Titanic passenger survival

In this prediction problem, we’re given descriptions of Titanic passengers, along with their survival outcome (survived vs died). Based on this, we need to train a machine learning model that is later evaluated on another passenger data file, where the survival outcomes are hidden (Kaggle knows them, but we don’t).
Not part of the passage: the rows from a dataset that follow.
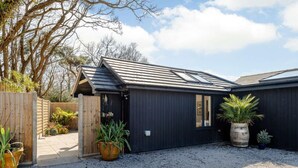 A black building with a sloped roof, a wooden fence, and gravel ground. - 1 Bed in Wareham (oc-87150) (Ridge)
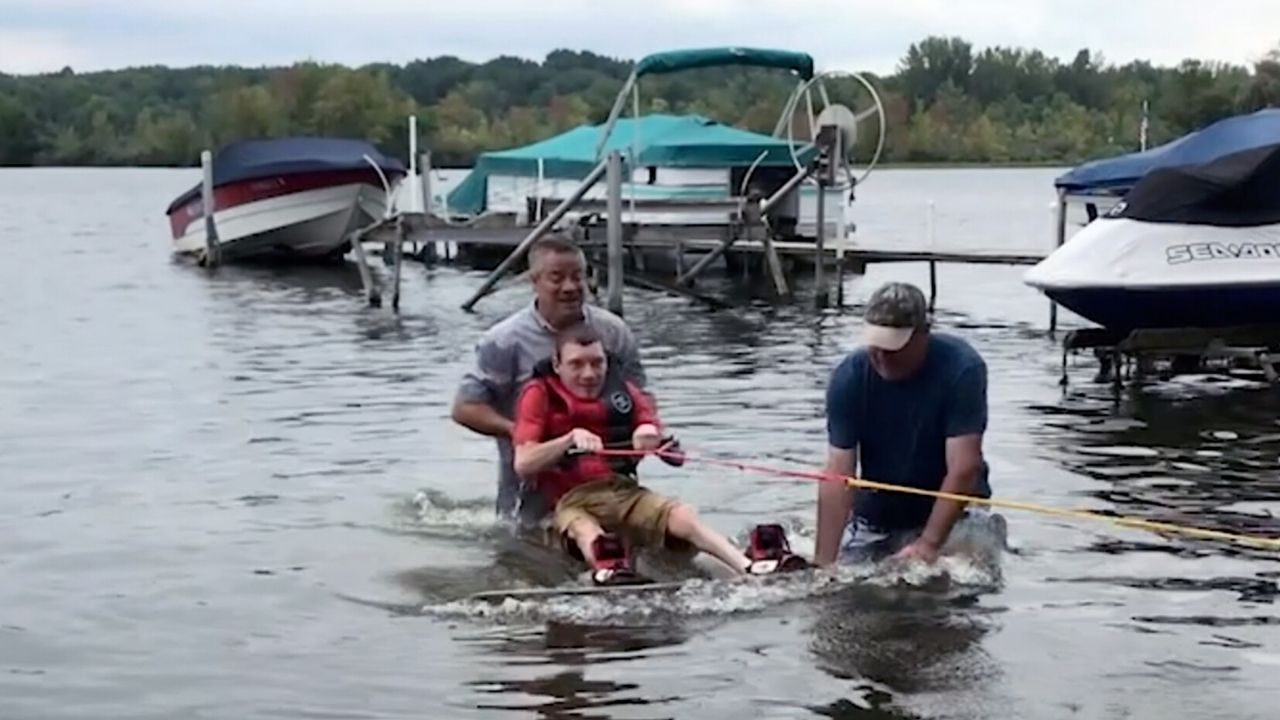 Man with cerebral palsy wakeboards for first time | Happily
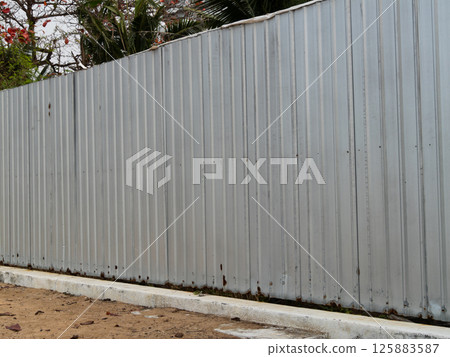 Metal fence surrounding a quiet space urban area outdoor perspective security and privacy Metal fence surrounding a quiet space urban area outdoor perspective security and privacy 125883587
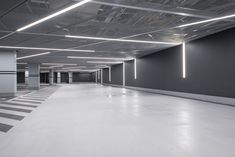 an empty parking garage with white floors and lights on the ceiling, in front of a black wall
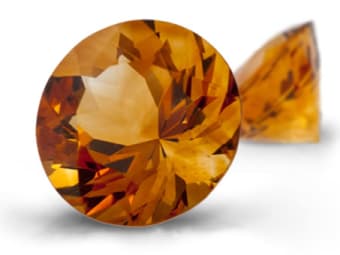 A front and side view of a round-brilliant cut citrine gemstone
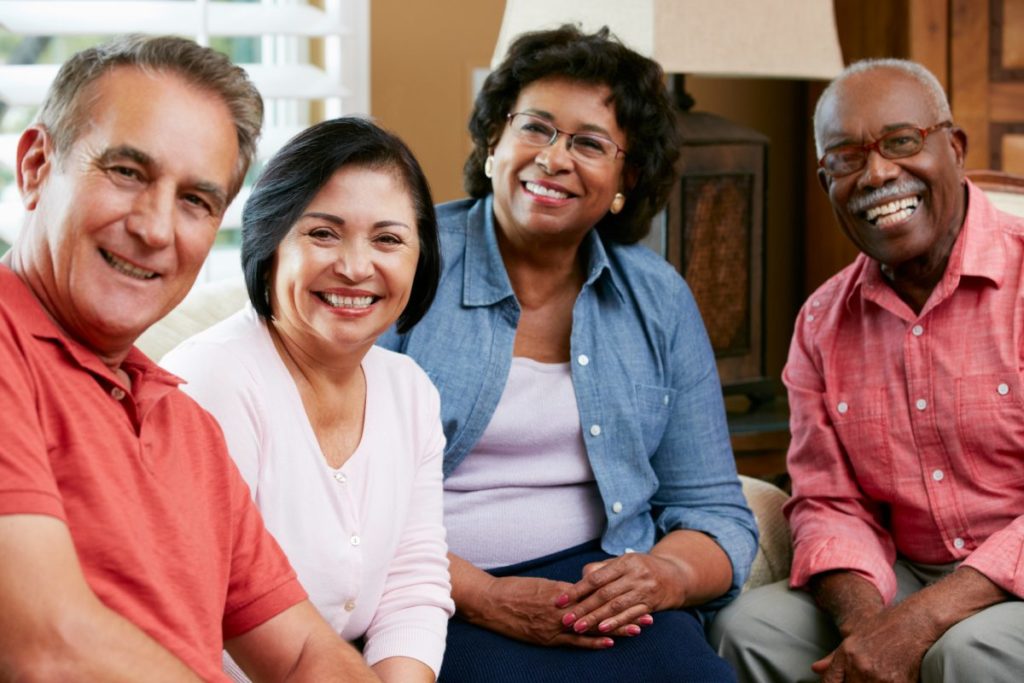 A group of older people sitting on a couch and smiling.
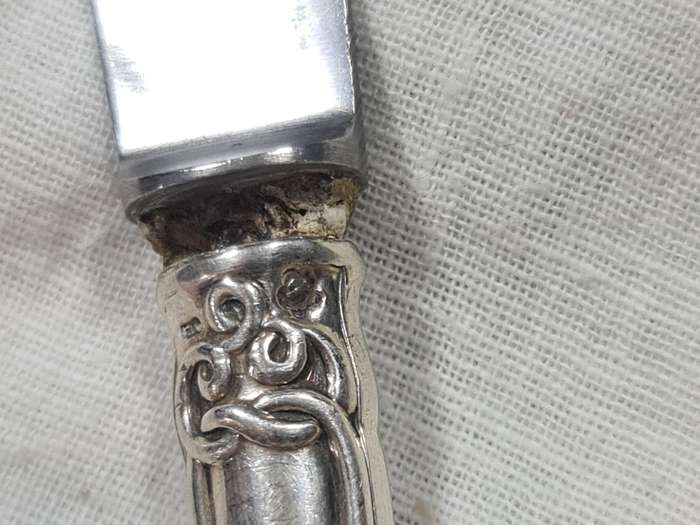 Three knifes with ornate handles and monogram on handle.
The training file (first few lines):

PassengerId	Pclass	Name	Sex	Age	SibSp	Parch	Ticket	Fare	Cabin	Embarked	Survived
1	3	Braund, Mr. Owen Harris	male	22.0	1	0	A/5 21171	7.25		S	0
2	1	Cumings, Mrs. John Bradley	female	38.0	1	0	PC 17599	71.2833	C85	C	1
3	3	Heikkinen, Miss. Laina	female	26.0	0	0	STON/O2. 3101282	7.925		S	1
4	1	Futrelle, Mrs. Jacques Heath	female	35.0	1	0	113803	53.1	C123	S	1
5	3	Allen, Mr. William Henry	male	35.0	0	0	373450	8.05		S	0
6	3	Moran, Mr. James	male		0	0	330877	8.4583		Q	0
7	1	McCarthy, Mr. Timothy J	male	54.0	0	0	17463	51.8625	E46	S	0
8	3	Palsson, Master. Gosta Leonard	male	2.0	3	1	349909	21.075		S	0
9	3	Johnson, Mrs. Oscar W	female	27.0	0	2	347742	11.1333		S	1
10	2	Nasser, Mrs. Nicholas	female	14.0	1	0	237736	30.0708		C	1

fastai

We’re going to use fastai .

fastai a high-level deep learning library providing ready-to-use neural network architectures for a number of common problem types. The downside of using such library is that we don’t get to learn all the fascinating details of how neural networks are designed and trained. The upside is that we get a working solution in no time.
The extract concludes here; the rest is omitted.